Gramsci's concepts allow scholars to transcend some of the current debates dividing the field of international relations (IR) while preserving the insights of the major traditions, whether ‘realist’ or ‘idealist’, ‘structural’, or ‘historical’, at the same time that they help us break the habit of reifying the nation-state by turning our attention toward the deeper sources of social continuity and change. This paper discusses these benefits of employing Gramsci's insights and illustrates them with conclusions from a study of American foreign policy toward the Third World in the Reagan and Bush era.

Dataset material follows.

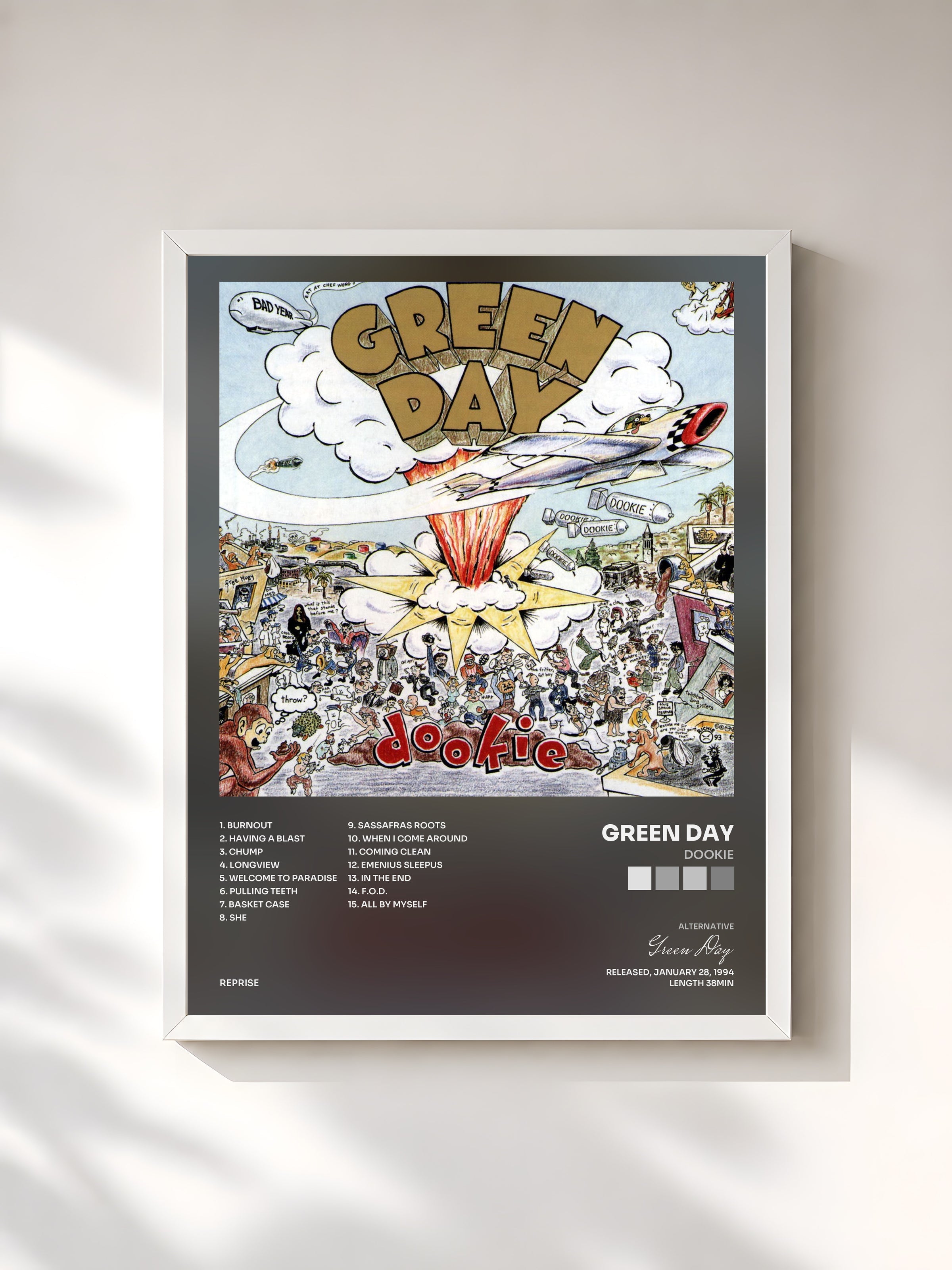 #blanc Tableau de l'album Dookie de Green Day, cadre blanc, imprimé et encadré en France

GRAMSCI'S CONCEPTS AND INTERNATIONAL RELATIONS
The field of international relations studies the consolidation of power over large populations and territories in a world of multiple, territorially separate, power centres. Gramsci's concern in his investigations of ‘hegemony’ and the broader notion of ‘supremacy’ was also to understand the dynamics of the consolidation of power, including those dynamics in international relations. Thus, in his commentary on the history of modern Italy, Gramsci is able to treat both the Renaissance state system and politics within the twentieth-century state within the same framework and with the same concepts.
We see Gramsci's sociology of power as beginning with the distinction between rule by ‘force’ and rule through ‘consensus’, borrowed from Machiavelli.